Assembly comparison flags understanding

Asked 31/12, 2012 at 11:36 Answered 24/5, 2013 at 13:2

I am struggling to understand the following code snippet in assembler:

if ( EAX >= 5 )
  EBX = 1;
else
  EBX = 2;"

In assembler this can be written as follows (according to my book), emulating the jge instruction you'd normally use in terms of "simpler" branches that only look at one flag at once:

1     cmp eax, 5       ;(assuming eax is signed)
2     js signon        ;goto signon if SF = 1
3     jo elseblock     ;goto elseblock if OF = 1 and SF = 0
4     jmp thenblock    ;goto thenblock if SF = 0 and OF = 0
5 signon:
6     jo thenblock     ;goto thenblock if SF = 1 and OF = 1
7 elseblock:
8     mov ebx, 2
9     jmp next
10 thenblock:
11    mov ebx, 1
12    next:

I can understand that the resulting flags can be: (if ( EAX >= 5 )):

SF = 0 & OF = 0 But I cannot understand how the flags can be: SF = 1 & OF = 1? What computation gives this?

To clarify what I mean:

If eax is in the lower negative bound it would potentially overflow into the positive by subtracting 5. If it would be in the upper positive bound it could not overflow into the negative by subtracting 5?

Stinking answered 31/12, 2012 at 11:36 Comment(14)

"The comparison is performed by subtracting the second operand from the first operand and then setting the status flags in the same manner as the SUB instruction. " – Obannon 31/12, 2012 at 11:38

Yes I understand, but how can eax overflow into a negative number? I can understand how SF = 0 & OF = 1 does not satisfy the condition but not how SF = 1 & OF = 1 does. – Stinking 31/12, 2012 at 11:42

What book/documentation/website are you reading? SF = 1 means the result is negative, OF = 1 means the operation caused an over/underflow with signed operands. If they are both set, it means that the left operand was a large positive number and the right operand was a small negative number, enough to cause the result to roll over from positive to negative.

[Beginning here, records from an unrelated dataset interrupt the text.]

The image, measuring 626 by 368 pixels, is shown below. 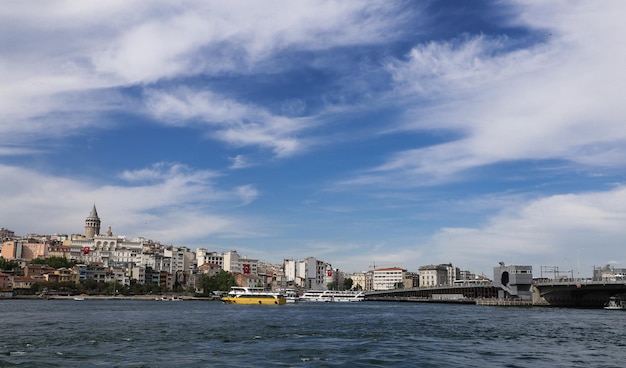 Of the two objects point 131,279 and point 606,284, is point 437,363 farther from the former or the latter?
point 131,279

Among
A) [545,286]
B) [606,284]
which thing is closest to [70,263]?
[545,286]

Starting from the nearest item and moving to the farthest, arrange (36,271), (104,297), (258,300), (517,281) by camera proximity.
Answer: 1. (258,300)
2. (517,281)
3. (104,297)
4. (36,271)

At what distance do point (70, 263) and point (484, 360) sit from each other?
601 feet

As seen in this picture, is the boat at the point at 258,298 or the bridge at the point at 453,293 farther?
the bridge at the point at 453,293

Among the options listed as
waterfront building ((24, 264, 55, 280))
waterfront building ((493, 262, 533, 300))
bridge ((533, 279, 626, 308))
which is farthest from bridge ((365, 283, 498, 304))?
waterfront building ((24, 264, 55, 280))

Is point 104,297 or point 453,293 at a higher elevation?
point 453,293

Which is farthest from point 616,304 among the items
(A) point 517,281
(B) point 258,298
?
(B) point 258,298

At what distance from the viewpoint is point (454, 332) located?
51.9 m

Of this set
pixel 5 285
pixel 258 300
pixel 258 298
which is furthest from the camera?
pixel 5 285

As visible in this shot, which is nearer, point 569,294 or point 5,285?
point 569,294

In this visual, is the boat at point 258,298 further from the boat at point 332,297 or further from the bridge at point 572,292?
the boat at point 332,297

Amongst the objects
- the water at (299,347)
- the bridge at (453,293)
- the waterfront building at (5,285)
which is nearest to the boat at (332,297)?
the bridge at (453,293)

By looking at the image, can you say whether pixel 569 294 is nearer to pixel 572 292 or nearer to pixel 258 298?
pixel 572 292

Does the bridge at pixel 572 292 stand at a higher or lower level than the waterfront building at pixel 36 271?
lower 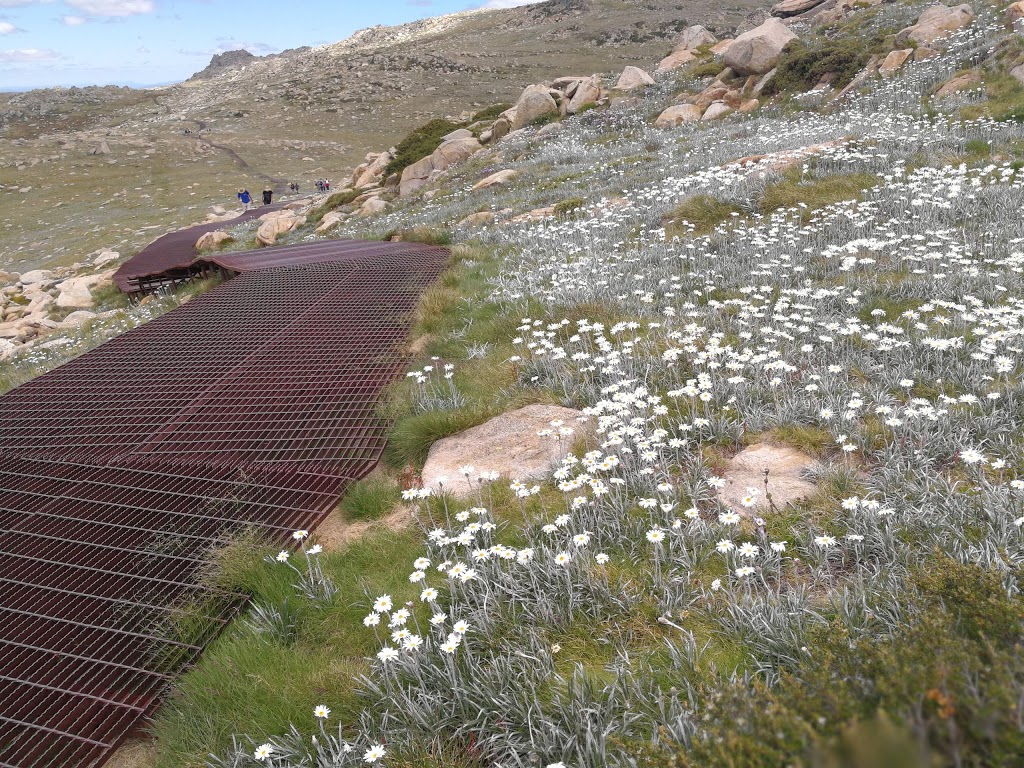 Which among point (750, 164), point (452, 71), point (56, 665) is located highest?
point (452, 71)

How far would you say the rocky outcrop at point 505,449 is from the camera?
4.37 metres

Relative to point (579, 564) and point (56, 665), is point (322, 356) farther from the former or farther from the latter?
point (579, 564)

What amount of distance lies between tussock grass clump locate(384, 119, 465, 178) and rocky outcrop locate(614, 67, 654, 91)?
8674mm

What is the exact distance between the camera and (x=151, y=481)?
15.7 feet

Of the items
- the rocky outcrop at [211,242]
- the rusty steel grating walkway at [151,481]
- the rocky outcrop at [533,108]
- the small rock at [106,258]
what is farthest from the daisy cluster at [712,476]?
the small rock at [106,258]

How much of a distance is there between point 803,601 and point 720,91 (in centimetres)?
2295

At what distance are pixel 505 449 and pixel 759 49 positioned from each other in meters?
22.9

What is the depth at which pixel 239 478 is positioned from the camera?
15.4 ft

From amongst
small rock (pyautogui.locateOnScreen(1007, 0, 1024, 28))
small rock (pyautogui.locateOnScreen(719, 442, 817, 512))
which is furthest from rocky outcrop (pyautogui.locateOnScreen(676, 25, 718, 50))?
small rock (pyautogui.locateOnScreen(719, 442, 817, 512))

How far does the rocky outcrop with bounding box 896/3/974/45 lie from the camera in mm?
18094

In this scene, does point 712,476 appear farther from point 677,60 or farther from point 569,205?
point 677,60

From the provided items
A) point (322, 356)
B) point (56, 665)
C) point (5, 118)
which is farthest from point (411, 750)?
point (5, 118)

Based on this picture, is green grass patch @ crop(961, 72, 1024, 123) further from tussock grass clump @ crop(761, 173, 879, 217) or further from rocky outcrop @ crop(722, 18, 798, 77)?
rocky outcrop @ crop(722, 18, 798, 77)

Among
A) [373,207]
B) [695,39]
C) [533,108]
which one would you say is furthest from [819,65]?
[695,39]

This is not possible when the second operand is 5. (Edit: In my opinion, the best book for learning this is Reversing - Secrets of Reverse Engineering.) – Obannon 31/12, 2012 at 12:11

@DCoder I have updated the question. Please have a look at it. Your help is very much appreciated! – Stinking 31/12, 2012 at 13:59

What book is this? Why is it bothering with multiple conditional branches, when a simple jge will do the same and be a lot more readable? I think that whole js/jo/jmp/jo block was copy-pasted from a generalized solution without bothering to adapt it to the specific context. – Obannon 31/12, 2012 at 14:2

SF also means unsigned overflow (as well as carry out). OF is signed overflow. Normally you use one or the other (both are computed, you normally only care about one) – Misconstruction 31/12, 2012 at 14:56

It means that sign bit is set, but there is no carry. If I recall correctly, OF = SF xor CF; So it means that you had positive number and it became negative, thus data was lost. – Treatment 31/12, 2012 at 15:11

@dwelch SF is not related to unsigned overflow. It is just the highest bit=1. – Treatment 31/12, 2012 at 15:13

OK so from your answers I take that the condition SF=1 & OF = 1 will never happen in the above case? @DCoder The book is called PC Assembly Language. The jge will be introduced in the following chapter. Thank you all for you comments! – Stinking 31/12, 2012 at 15:17

Example(8 bit): 0111 1111 + 0000 0001 -> 1000 0000 => OF = 1, SF = 1, CF = 0. I guess author just wanted to explain logic behind these flags by such an example. – Treatment 31/12, 2012 at 15:20

But how can 0000 0001 be "added" when you subtract 0000 0001 with the cmp instruction? – Stinking 31/12, 2012 at 15:27

I see a question by topicstarter: "What computation gives this?" and it is a general question, not only about cmp. imho. – Treatment 31/12, 2012 at 15:53

right I was thinking carry flag CF not SF signed flag. thanks. – Misconstruction 31/12, 2012 at 16:0

Is this book the Daily WTF? That's horrible code, I hope that's just some sort of weird example and I don't ever run across something like that in production anywhere! – Neutron 24/5, 2013 at 14:44

Much easier to think of these in terms of 3 bit numbers, it all scales. Hmmm, if this is signed (you didnt specify/post in your high level code) then four bits is better because you used a 5. Walk through the numbers near 5 (this shows the output of the alu)

cmp reg,5
0111 - 0101 = 0111 + 1010 + 1 = 10010
0110 - 0101 = 0110 + 1010 + 1 = 10001
0101 - 0101 = 0101 + 1010 + 1 = 10000
0100 - 0101 = 0100 + 1010 + 1 = 01111
0011 - 0101 = 0011 + 1010 + 1 = 01110

Now you have to understand how the hardware works. Some processor families when you do a subtract invert the carry flag coming out of the alu, others dont. either way you can definitely see a state change at the 5 - 5 point. And you dont need the carry flag here anyway, code doesnt use it.

In case you are doing signed math, then try some negative numbers as well.

0000 - 0101 = 0000 + 1010 + 1 = 01011  
1111 - 0101 = 1111 + 1010 + 1 = 11010
1110 = 0101 = 1110 + 1010 + 1 = 11001

And that sheds some light on the problem.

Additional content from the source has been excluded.